- Exercise directions
Copy each line of the data below exactly, leaving out pictures.

- Source material
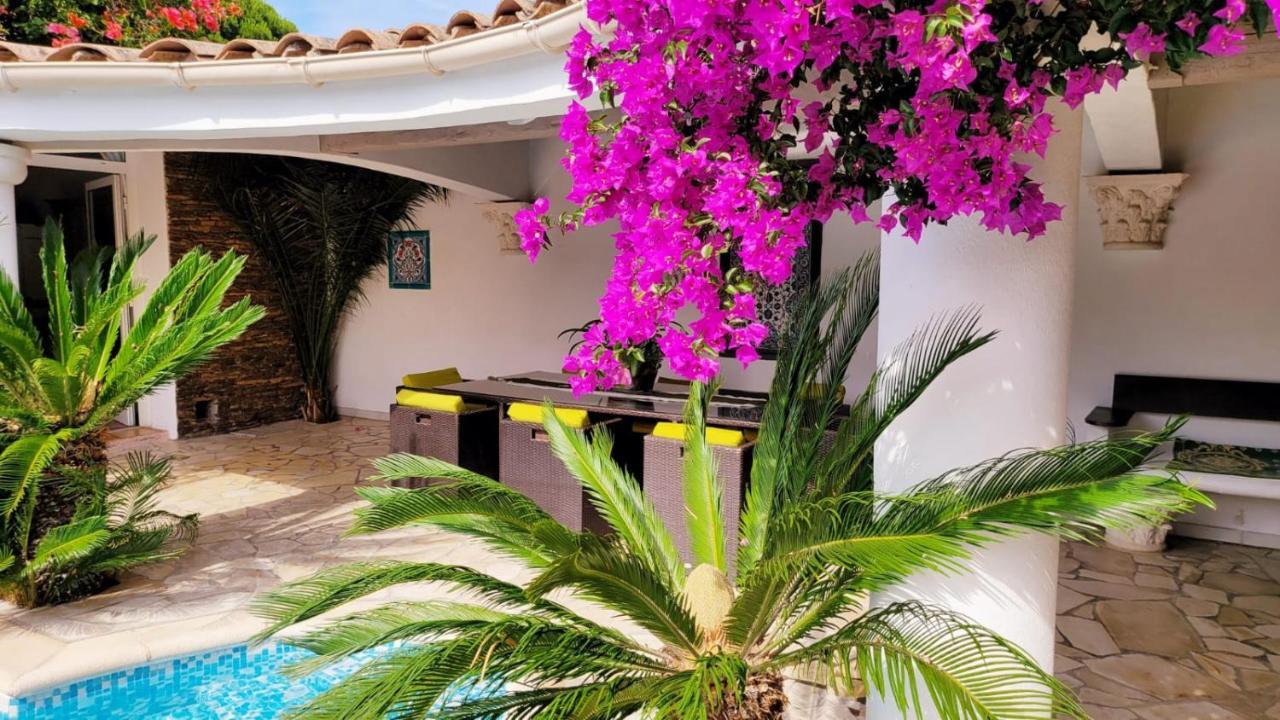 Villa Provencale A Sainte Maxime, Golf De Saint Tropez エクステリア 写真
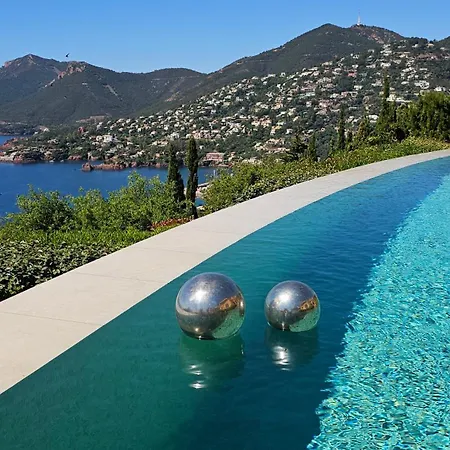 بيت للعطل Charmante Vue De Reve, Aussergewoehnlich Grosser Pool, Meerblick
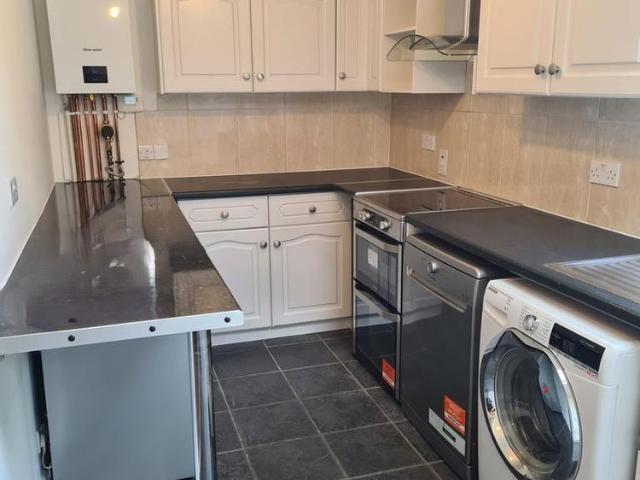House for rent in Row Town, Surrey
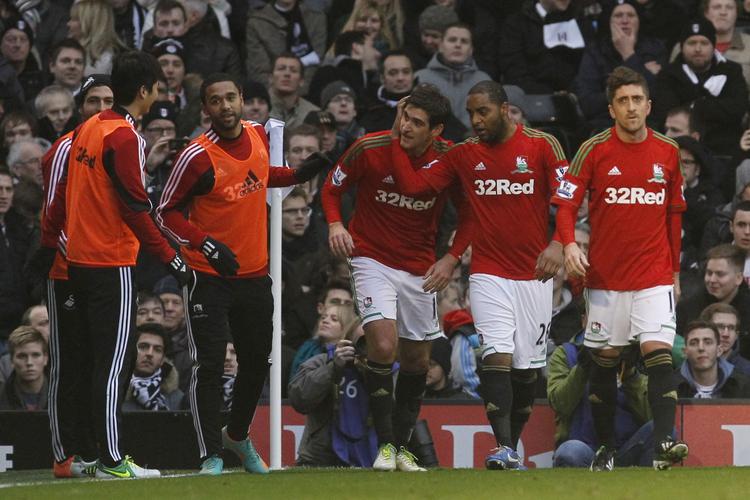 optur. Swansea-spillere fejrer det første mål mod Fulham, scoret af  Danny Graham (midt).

- Solution for this problem
 Villa Provencale A Sainte Maxime, Golf De Saint Tropez エクステリア 写真
 بيت للعطل Charmante Vue De Reve, Aussergewoehnlich Grosser Pool, Meerblick
House for rent in Row Town, Surrey
 optur. Swansea-spillere fejrer det første mål mod Fulham, scoret af  Danny Graham (midt).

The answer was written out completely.